Read Julie Klausner's posts on the Penguin Blog In the tradition of Cynthia Heimel and Chelsea Handler, and with the boisterous iconoclasm of Amy Sedaris, Julie Klausner's candid and funny debut I Don't Care About Your Band sheds light on the humiliations we endure to find love--and the lessons that can be culled from the wreckage. I Don't Care About Your Band posits that lately the worst guys to date are the ones who seem sensitive. It's the jerks in nice guy clothing, not the players in Ed Hardy, who break the hearts of modern girls who grew up in the shadow of feminism, thinking they could have everything, but end up compromising constantly. The cowards, the kidults, the critics, and the contenders: these are the stars of Klausner's memoir about how hard it is to find a man--good or otherwise--when you're a cynical grown-up exiled in the dregs of Guyville. Off the popularity of her New York Times "Modern Love" piece about getting the brush-off from an indie rock musician, I Don't care About Your Band is marbled with the wry strains of Julie Klausner's precocious curmudgeonry and brimming with truths that anyone who's ever been on a date will relate to. Klausner is an expert at landing herself waist-deep in crazy, time and time again, in part because her experience as a comedy writer (Best Week Ever, TV Funhouse on SNL) and sketch comedian from NYC's Upright Citizens Brigade fuels her philosophy of how any scene should unfold, which is, "What? That sounds crazy? Okay, I'll do it." I Don't Care About Your Band charts a distinctly human journey of a strong-willed but vulnerable protagonist who loves men like it's her job, but who's done with guys who know more about love songs than love. Klausner's is a new outlook on dating in a time of pop culture obsession, and she spent her 20's doing personal field research to back up her philosophies. This is the girl's version of High Fidelity. By turns explicit, funny and moving, Klausner's debut shows the evolution of a young woman who endured myriad encounters with the wrong guys, to emerge with real- world wisdom on matters of the heart. I Don't Care About Your Band is Julie Klausner's manifesto, and every one of us can relate.

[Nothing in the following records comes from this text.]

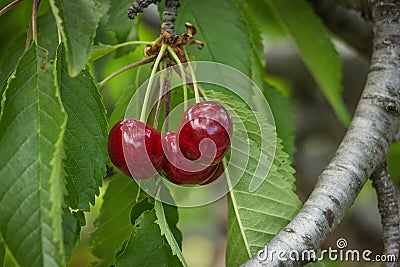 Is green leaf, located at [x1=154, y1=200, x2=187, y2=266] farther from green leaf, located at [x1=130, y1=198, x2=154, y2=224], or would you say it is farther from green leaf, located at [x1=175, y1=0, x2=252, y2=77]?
green leaf, located at [x1=175, y1=0, x2=252, y2=77]

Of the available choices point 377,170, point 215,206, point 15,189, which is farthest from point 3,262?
point 215,206

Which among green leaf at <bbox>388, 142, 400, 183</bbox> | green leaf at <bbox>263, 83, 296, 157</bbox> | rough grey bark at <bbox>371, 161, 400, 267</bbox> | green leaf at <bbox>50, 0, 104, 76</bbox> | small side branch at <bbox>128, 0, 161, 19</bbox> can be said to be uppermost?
green leaf at <bbox>50, 0, 104, 76</bbox>

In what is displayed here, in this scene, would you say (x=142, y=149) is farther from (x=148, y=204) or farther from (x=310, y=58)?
(x=310, y=58)

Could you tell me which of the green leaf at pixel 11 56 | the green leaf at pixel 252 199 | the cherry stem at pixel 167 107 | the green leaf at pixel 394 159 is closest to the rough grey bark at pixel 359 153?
the green leaf at pixel 252 199

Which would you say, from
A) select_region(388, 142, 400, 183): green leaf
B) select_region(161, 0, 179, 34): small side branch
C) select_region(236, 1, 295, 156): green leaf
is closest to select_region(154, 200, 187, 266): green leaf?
select_region(161, 0, 179, 34): small side branch

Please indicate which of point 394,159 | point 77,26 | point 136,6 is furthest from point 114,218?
point 394,159

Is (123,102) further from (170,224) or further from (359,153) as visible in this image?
(359,153) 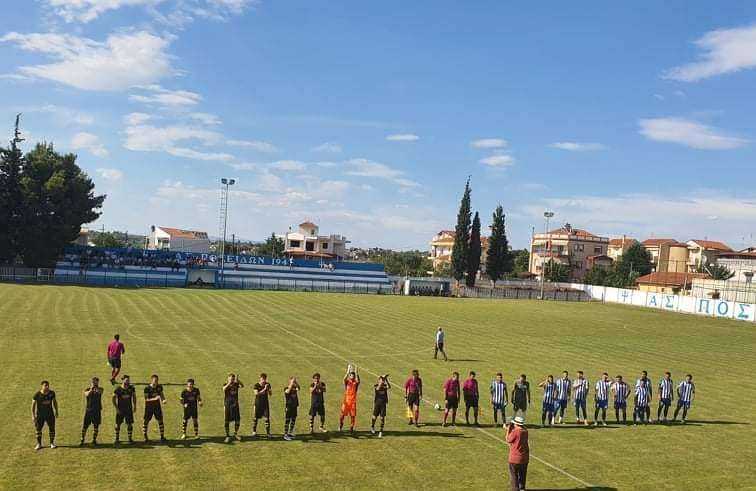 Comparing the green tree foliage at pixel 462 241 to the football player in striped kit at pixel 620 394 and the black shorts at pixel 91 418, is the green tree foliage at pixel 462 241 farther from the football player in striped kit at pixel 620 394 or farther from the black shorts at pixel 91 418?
the black shorts at pixel 91 418

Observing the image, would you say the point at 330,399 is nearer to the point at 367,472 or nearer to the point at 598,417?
the point at 367,472

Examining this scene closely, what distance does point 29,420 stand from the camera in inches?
679

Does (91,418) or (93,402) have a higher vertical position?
(93,402)

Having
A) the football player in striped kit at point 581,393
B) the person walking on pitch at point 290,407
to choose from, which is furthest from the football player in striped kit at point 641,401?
the person walking on pitch at point 290,407

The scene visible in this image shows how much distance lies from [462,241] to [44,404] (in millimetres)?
89898

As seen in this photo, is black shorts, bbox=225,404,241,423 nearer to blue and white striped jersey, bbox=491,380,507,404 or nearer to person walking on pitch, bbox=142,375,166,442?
person walking on pitch, bbox=142,375,166,442

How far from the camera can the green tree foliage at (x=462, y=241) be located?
10181cm

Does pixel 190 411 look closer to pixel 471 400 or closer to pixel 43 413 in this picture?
pixel 43 413

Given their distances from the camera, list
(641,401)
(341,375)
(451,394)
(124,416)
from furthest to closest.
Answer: (341,375)
(641,401)
(451,394)
(124,416)

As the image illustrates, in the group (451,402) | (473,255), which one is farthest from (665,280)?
(451,402)

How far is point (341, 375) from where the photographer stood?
86.7 feet

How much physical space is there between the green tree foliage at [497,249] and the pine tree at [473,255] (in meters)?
5.78

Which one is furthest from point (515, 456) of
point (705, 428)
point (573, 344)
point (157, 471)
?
point (573, 344)

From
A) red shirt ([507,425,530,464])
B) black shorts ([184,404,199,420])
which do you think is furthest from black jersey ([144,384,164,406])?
red shirt ([507,425,530,464]) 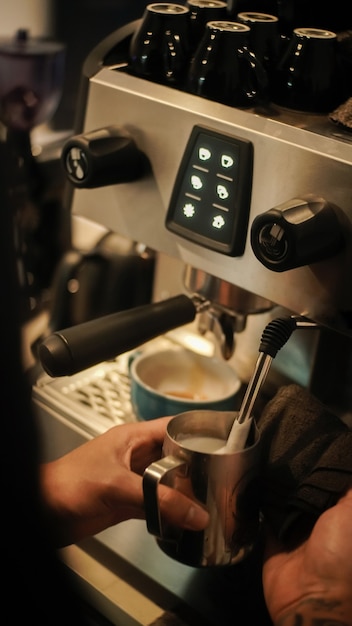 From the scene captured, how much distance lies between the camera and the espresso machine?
1.76 ft

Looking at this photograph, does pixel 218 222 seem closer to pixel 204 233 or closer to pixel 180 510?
pixel 204 233

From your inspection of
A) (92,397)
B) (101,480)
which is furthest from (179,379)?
(101,480)

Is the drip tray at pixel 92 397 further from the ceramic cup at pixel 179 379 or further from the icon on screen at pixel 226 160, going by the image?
the icon on screen at pixel 226 160

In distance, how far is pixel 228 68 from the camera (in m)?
0.58

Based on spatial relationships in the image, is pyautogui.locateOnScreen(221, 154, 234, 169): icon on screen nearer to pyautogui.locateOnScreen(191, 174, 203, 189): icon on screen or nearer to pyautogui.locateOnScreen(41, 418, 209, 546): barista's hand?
pyautogui.locateOnScreen(191, 174, 203, 189): icon on screen

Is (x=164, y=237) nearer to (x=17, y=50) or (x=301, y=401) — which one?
(x=301, y=401)

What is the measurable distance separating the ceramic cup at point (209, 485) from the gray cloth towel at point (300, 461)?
20mm

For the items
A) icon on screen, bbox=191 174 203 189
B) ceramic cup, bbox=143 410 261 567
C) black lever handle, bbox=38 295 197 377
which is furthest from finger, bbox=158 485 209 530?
icon on screen, bbox=191 174 203 189

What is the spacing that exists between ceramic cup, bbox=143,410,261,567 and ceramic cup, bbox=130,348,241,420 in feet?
0.35

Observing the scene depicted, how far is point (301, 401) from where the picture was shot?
58 cm

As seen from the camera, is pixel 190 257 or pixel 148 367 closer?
pixel 190 257

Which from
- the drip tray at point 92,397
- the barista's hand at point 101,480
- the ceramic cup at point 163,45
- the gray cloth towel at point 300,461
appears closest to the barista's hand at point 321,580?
the gray cloth towel at point 300,461

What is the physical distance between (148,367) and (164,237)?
14cm

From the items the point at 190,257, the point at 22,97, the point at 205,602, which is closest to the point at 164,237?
the point at 190,257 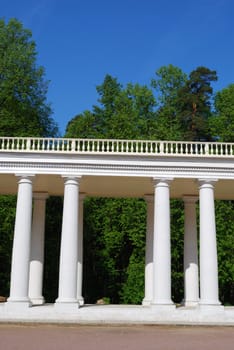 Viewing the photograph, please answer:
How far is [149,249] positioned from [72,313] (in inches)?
530

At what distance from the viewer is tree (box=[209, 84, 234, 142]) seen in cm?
7775

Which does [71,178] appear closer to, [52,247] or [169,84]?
[52,247]

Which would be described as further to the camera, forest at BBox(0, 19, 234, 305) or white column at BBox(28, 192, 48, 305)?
forest at BBox(0, 19, 234, 305)

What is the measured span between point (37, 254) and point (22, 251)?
26.3 feet

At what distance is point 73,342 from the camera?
27.2m

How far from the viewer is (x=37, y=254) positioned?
49031 mm

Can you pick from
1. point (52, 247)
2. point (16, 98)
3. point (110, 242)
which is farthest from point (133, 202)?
point (16, 98)

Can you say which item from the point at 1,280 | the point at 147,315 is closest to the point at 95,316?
the point at 147,315

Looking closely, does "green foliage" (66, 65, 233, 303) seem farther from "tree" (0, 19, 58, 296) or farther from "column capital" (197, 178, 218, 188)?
"column capital" (197, 178, 218, 188)

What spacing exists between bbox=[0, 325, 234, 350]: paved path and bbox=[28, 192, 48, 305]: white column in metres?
11.5

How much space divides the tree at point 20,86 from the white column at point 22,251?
94.3 feet

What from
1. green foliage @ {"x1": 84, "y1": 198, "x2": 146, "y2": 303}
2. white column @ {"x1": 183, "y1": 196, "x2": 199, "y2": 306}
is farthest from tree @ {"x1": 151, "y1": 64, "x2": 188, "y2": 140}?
white column @ {"x1": 183, "y1": 196, "x2": 199, "y2": 306}

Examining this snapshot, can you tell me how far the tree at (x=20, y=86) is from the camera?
71125 mm

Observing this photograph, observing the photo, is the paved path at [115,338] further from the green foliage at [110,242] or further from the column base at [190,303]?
the green foliage at [110,242] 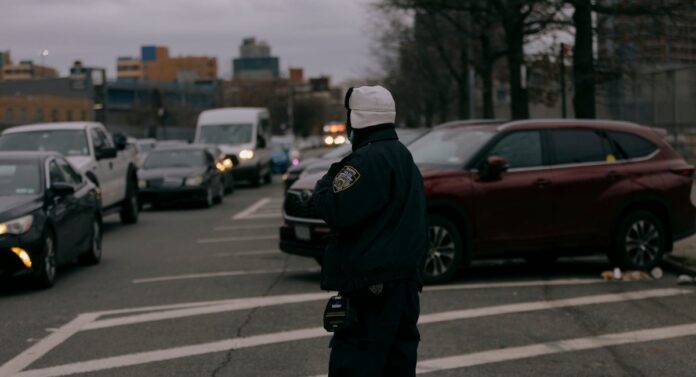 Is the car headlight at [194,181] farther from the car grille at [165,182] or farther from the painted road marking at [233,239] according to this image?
the painted road marking at [233,239]

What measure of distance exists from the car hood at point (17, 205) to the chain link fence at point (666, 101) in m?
18.2

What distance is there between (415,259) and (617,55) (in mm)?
24380

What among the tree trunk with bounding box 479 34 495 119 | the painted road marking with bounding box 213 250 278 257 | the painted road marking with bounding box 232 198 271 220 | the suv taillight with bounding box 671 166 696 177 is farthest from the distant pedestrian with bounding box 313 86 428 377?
the tree trunk with bounding box 479 34 495 119

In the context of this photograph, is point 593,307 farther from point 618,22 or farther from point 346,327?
point 618,22

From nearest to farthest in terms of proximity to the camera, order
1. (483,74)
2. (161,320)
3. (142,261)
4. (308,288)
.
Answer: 1. (161,320)
2. (308,288)
3. (142,261)
4. (483,74)

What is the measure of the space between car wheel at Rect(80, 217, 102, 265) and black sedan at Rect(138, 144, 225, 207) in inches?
432

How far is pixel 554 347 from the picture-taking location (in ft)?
27.1

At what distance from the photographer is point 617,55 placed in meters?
28.0

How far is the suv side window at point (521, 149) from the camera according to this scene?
481 inches

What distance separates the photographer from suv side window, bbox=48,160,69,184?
43.7 ft

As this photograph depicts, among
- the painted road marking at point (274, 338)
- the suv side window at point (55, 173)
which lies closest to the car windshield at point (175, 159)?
the suv side window at point (55, 173)

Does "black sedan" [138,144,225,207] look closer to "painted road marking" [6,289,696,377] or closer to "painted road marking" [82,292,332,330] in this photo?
"painted road marking" [82,292,332,330]

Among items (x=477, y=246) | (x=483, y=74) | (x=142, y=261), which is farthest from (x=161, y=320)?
(x=483, y=74)

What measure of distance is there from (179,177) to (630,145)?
14.8 m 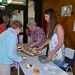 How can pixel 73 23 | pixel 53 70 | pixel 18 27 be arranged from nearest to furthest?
pixel 53 70, pixel 18 27, pixel 73 23

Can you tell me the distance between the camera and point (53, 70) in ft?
4.70

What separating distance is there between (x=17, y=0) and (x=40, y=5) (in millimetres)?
817

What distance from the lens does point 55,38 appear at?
1.67m

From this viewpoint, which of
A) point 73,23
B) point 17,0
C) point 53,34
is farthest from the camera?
point 17,0

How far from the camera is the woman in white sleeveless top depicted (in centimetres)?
159

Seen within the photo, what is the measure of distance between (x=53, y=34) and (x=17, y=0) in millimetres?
2951

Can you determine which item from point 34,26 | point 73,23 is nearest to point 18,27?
point 34,26

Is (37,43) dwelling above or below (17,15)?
below

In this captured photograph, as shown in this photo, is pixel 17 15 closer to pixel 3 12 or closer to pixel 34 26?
pixel 3 12

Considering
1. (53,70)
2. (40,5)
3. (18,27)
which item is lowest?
(53,70)

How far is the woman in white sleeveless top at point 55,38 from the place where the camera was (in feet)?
5.23

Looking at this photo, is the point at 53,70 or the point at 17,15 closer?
the point at 53,70

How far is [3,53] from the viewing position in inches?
58.8

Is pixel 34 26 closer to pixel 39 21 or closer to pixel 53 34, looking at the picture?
pixel 53 34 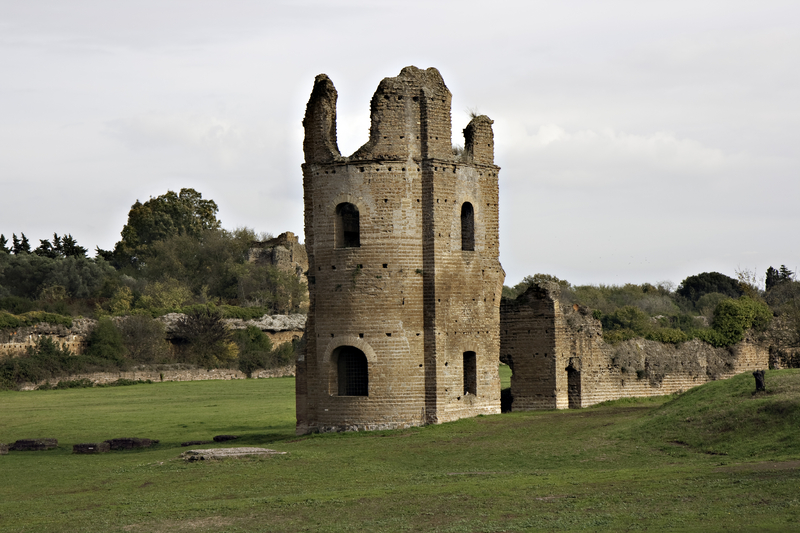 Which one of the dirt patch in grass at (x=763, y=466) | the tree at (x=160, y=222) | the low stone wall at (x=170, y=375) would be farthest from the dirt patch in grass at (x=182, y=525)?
the tree at (x=160, y=222)

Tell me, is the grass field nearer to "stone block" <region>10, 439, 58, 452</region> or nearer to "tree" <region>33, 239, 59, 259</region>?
"stone block" <region>10, 439, 58, 452</region>

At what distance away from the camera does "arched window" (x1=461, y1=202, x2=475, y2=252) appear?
90.1ft

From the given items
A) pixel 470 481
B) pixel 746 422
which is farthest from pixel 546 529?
pixel 746 422

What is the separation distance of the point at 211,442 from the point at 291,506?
10843mm

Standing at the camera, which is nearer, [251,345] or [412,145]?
[412,145]

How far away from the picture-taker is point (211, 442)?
26.6m

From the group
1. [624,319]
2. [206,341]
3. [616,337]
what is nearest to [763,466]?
[616,337]

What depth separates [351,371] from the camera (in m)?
26.8

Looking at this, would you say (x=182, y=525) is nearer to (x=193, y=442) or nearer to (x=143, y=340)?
(x=193, y=442)

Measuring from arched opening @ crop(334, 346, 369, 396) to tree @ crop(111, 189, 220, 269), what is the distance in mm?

Folk Devils and Moral Panics

Folk Devils and Moral Panics
Author: Stanley Cohen
Publsiher: Taylor & Francis US
Total Pages: 282
Release: 2011
Genre: Social Science
ISBN: 0415610168

Download Folk Devils and Moral Panics Book in PDF, Epub and Kindle

'Richly documented and convincingly presented' -- New Society Mods and Rockers, skinheads, video nasties, designer drugs, bogus asylum seeks and hoodies. Every era has its own moral panics. It was Stanley Cohen's classic account, first published in the early 1970s and regularly revised, that brought the term 'moral panic' into widespread discussion. It is an outstanding investigation of the way in which the media and often those in a position of political power define a condition, or group, as a threat to societal values and interests. Fanned by screaming media headlines, Cohen brilliantly demonstrates how this leads to such groups being marginalised and vilified in the popular imagination, inhibiting rational debate about solutions to the social problems such groups represent. Furthermore, he argues that moral panics go even further by identifying the very fault lines of power in society. Full of sharp insight and analysis, Folk Devils and Moral Panics is essential reading for anyone wanting to understand this powerful and enduring phenomenon. Professor Stanley Cohen is Emeritus Professor of Sociology at the London School of Economics. He received the Sellin-Glueck Award of the American Society of Criminology (1985) and is on the Board of the International Council on Human Rights. He is a member of the British Academy.